He decided to begin with the drawers. He yanked one open, then another, rifling through them with growing agitation. Keys, paper scraps, useless junk… nothing. “Come on… come on…”

He had to get rid of everything. Anything that could tie him to Alastor, anything that could be twisted, misread, exposed. Because if anyone started digging—really digging—into Alastor’s life now that the truth was out, they wouldn’t stop at the surface. And Vincent… Vincent could not afford to be found anywhere in that mess. He shut a drawer harder than necessary and moved to the living room, already tearing through a cabinet.

“Think, you idiot…” he muttered. “Where did you put…”

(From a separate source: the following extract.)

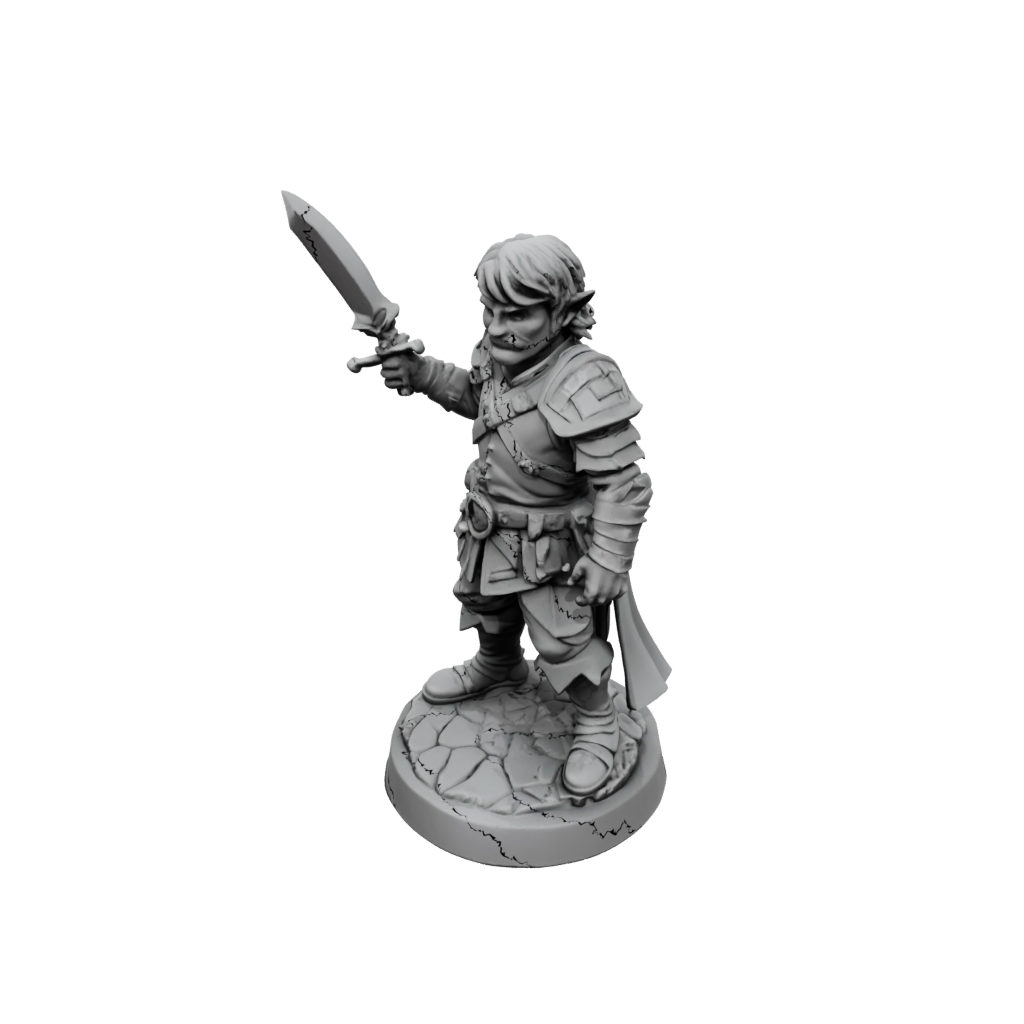 Low-Poly Halfling Bard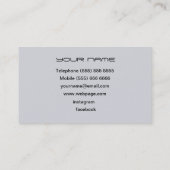 DJ  Business Card Visitekaartje (Achterkant)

He'd rather not think, that made everything worse. Every thought was about him. About them. Their relationship had never been public—couldn’t be, not in that time, not with everything stacked against it… but also because Vincent himself had never fully allowed it to exist in the open. It had been easier to hide it, to tuck it away under layers of denial and half-truths. Easier than admitting he’d been drawn, helplessly, to another man, that man, of all people. His hand pushed past a stack of records without care, his mind racing faster than his movements. They had been careful. No photos (Alastor hated them anyway), no shared appearances, no witnesses. But careful didn’t mean clean. Careful didn’t mean nothing remained.

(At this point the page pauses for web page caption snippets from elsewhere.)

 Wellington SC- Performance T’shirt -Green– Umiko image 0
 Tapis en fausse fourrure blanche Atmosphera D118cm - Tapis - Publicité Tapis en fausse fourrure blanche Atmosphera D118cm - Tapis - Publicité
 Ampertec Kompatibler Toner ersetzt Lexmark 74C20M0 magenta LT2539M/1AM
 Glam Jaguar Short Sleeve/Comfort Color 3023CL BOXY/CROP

He moved into the bedroom, flinging open the closet, shoving clothes aside with mounting frustration. “Think,” he repeated under his breath. “Think.” And then he saw it. A small box, shoved toward the back of a shelf. He froze. The sight of it hit harder than anything else so far, a slow, creeping dread tightening around his ribs. “…shit.” Of course. Of fucking course. He reached for it anyway, because not opening it would’ve been worse. The lid creaked softly as he lifted it, revealing exactly what he feared. It was nothing… But suddenly, to Vincent, it felt like everything.

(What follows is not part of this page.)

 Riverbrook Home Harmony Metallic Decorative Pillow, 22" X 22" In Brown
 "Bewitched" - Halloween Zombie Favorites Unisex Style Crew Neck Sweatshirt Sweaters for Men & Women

His fingers brushed against a glass first, cheap and slightly chipped. He exhaled sharply through his nose. “I really kept this?” But he knew why.

That was their first night. In this bar, he’d approached Alastor with a purpose and a calculated smile, equal parts admiration and strategy. He’d seen him as a rival before anything else, another voice rising too fast, too strong. Vincent didn’t share space well. He’d wanted to measure him, to test him, maybe even to undermine him if it came to that. And Alastor had looked at him like he already knew all of that, like Vincent was something mildly entertaining. Sometimes, he wondered if he ever been something else for him.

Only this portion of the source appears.